To the Gunsite family,
As I’m sure you all know, the State of Israel is currently being bombarded with rockets launched by Hamas from the Gaza Strip. On an almost hourly basis, sirens sound in various locations throughout the country alerting residents of an impending strike so that they can quickly get to the nearest shelter or take cover behind sturdy objects if shelters are out of reach. As you can imagine, this type of environment can have severe effects on one’s psychological well-being, leading to feelings of vulnerability, anxiety, and panic. This is especially true for those of us in the country who have not grown up with these types of threats: people for whom terms like “rockets,” “shrapnel,” and “red alarm” have been far removed from our daily vocabulary; people for whom praying that the Iron Dome missile-protection system functions properly while running to a bomb shelter or fortified stairwell never seemed like something we would personally have to do. As an American student currently living in Israel the events of the past week have been stressful, startling, and scary, but the situation has not overwhelmed me and I credit my training at Gunsite with giving me the tools to cope effectively.
When I came to Israel I was aware that something like this could potentially happen, but I must admit I never thought I would personally experience it. That being said, news coverage this past month hinted that an escalation was possible and I shifted from yellow to orange, intellectually understanding that the situation was likely to become more dangerous. When rockets began hitting the south with greater frequency that orange got darker, and when they began targeting central Israel (where I live) it became the darkest shade of orange possible.
At 21.00 on July 8th I was sitting in a busy café with three of my friends and my bulldog enjoying a late dinner when I had my first experience with the Code Red Siren. Upon hearing its eerie and distinctive wail I immediately transitioned to red: I jumped up and said “let’s go,” picked up my 45-pound dog because her arthritis might slow us down and place ourselves and anyone behind us in additional danger, and headed through the kitchen and down the stairs into the cellar bomb shelter. While in the shelter I took my dog to the corner and told her to sit, made small talk with my friends, and listened carefully for any strange noises from outside. After the required 5 minutes of waiting, we emerged from the shelter and continued our meal. As we were re-capping our experience I noticed that one of my friends had tears in her eyes and another was shaking, both visibly upset by what we had just gone through while I sat completely calm next to them.

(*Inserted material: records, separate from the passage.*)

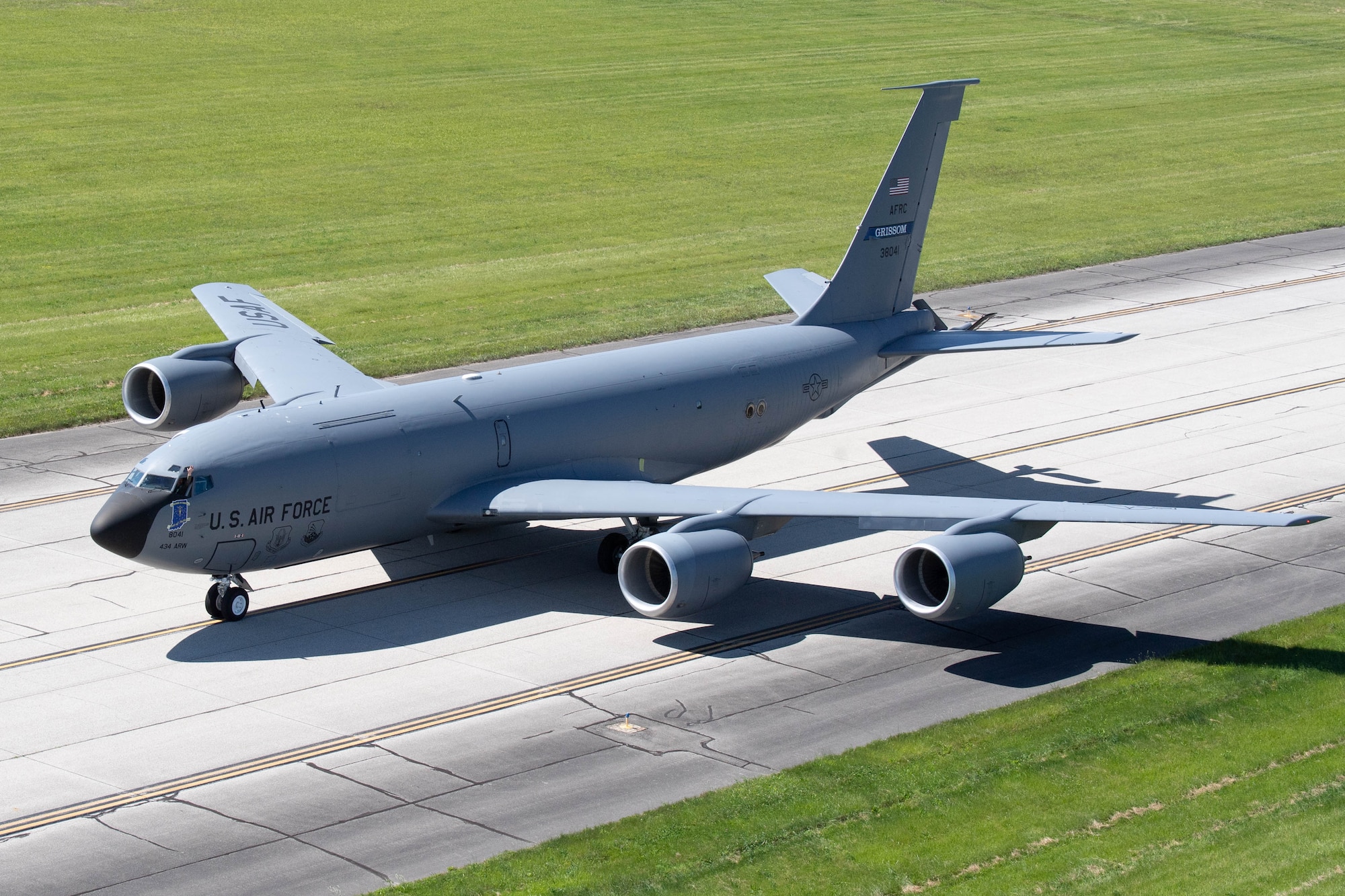 A KC-145R Stratotanker taxis on a runway. The photograph appears to be taken from a height significantly above the aircraft and runway.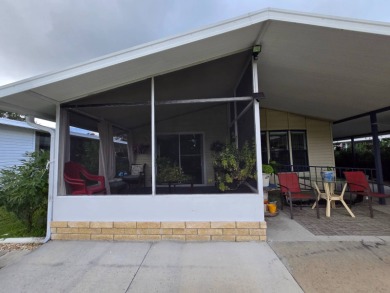 Welcome to this beautifully maintained 1990 double-wide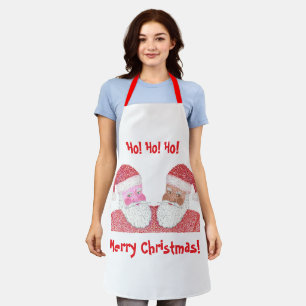 Santas noirs et blancs Joyeux tabliers de Noël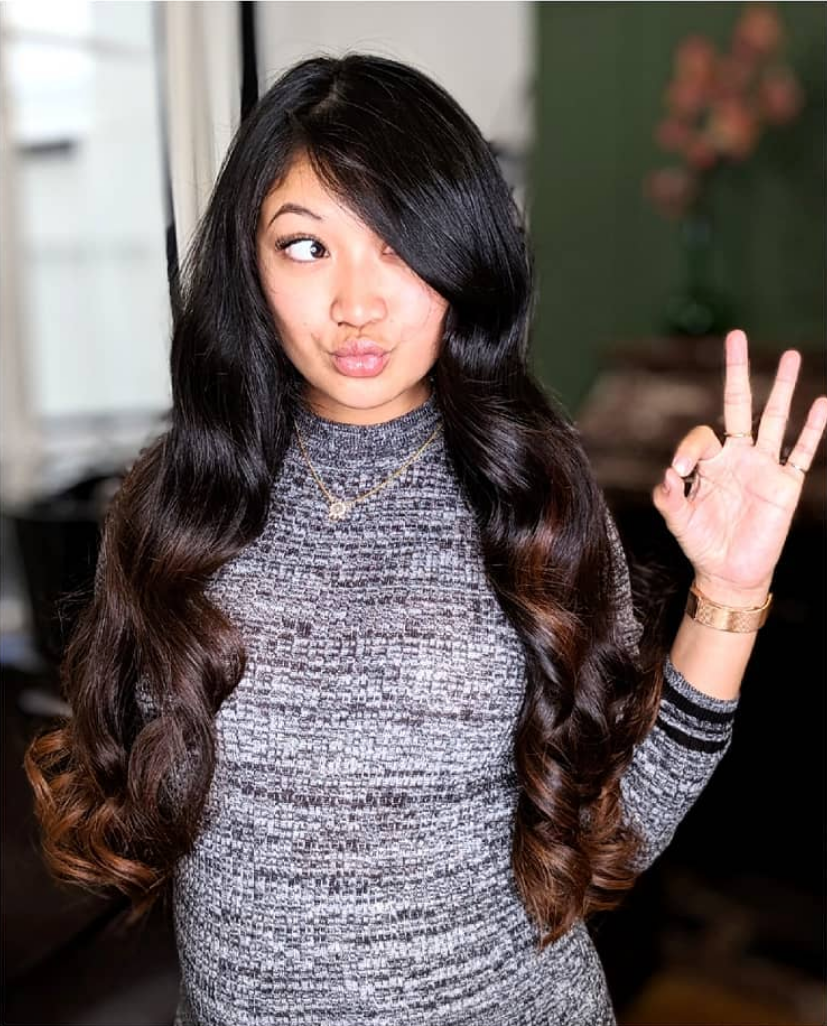 Femme aux longs cheveux ondulés et ombrés, faisant un geste « OK » et une moue boudeuse ; intérieur.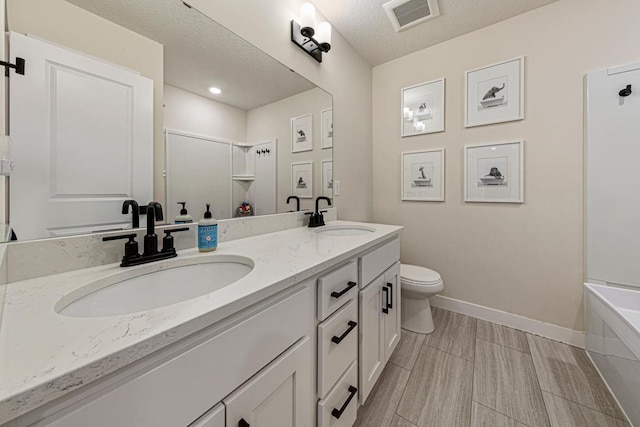 bathroom with a sink, visible vents, baseboards, and toilet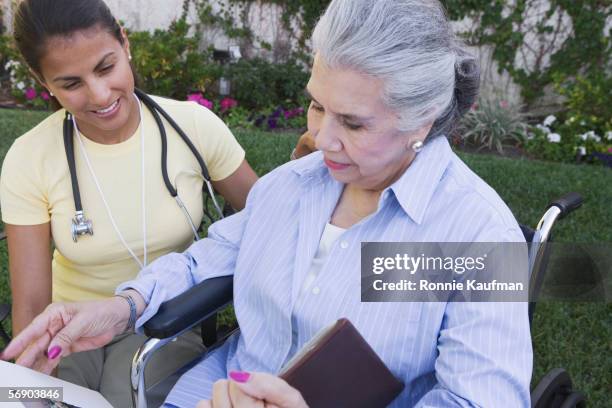 female physician attending senior woman - examining lawn stock pictures, royalty-free photos & images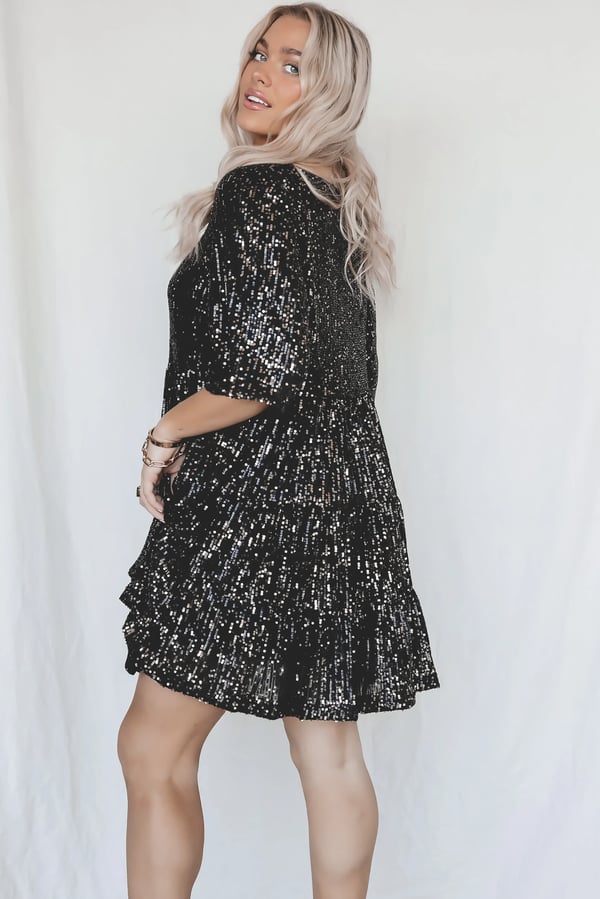 Frau in schwarzem Paillettenkleid, blondes Haar, modisches Abendoutfit, glamouröses Design.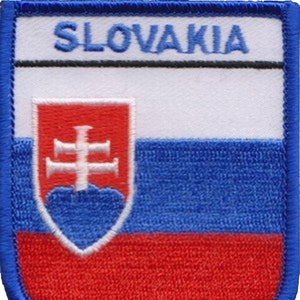 Op de afbeelding: Een blauwe, witte en rode geborduurde patch met het woord "SLOVAKIA" in blauwe letters. De patch toont het Slowaakse wapen, een wit dubbel kruis op een rood schild, binnen een blauw schild.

It’s not that I was not equally as scared as they were, it’s that I have been taught to manage stressful situations from an intellectual rather than emotional position. The 250 Pistol, 260 Shotgun, and Team Tactics for Two courses I have taken at Gunsite provided me with an arsenal of tools to deal with dangerous situations so that, when faced with a threat, I don’t waste precious time contemplating the best course of action and instead respond instinctively. Even more important than the tactical solutions to potential threats, the experiences and instruction I received at Gunsite gave me confidence in my ability to determine my own fate, an integral tool for responding effectively, and for this I want to say simply, “thank you.” Thank you for your commitment to gun safety and proper firearm handling; thank you for stressing the importance of situational awareness and preparedness; and, most importantly, thank you for providing the peace of mind that results from knowing that you have the tools to protect yourself and your loved ones.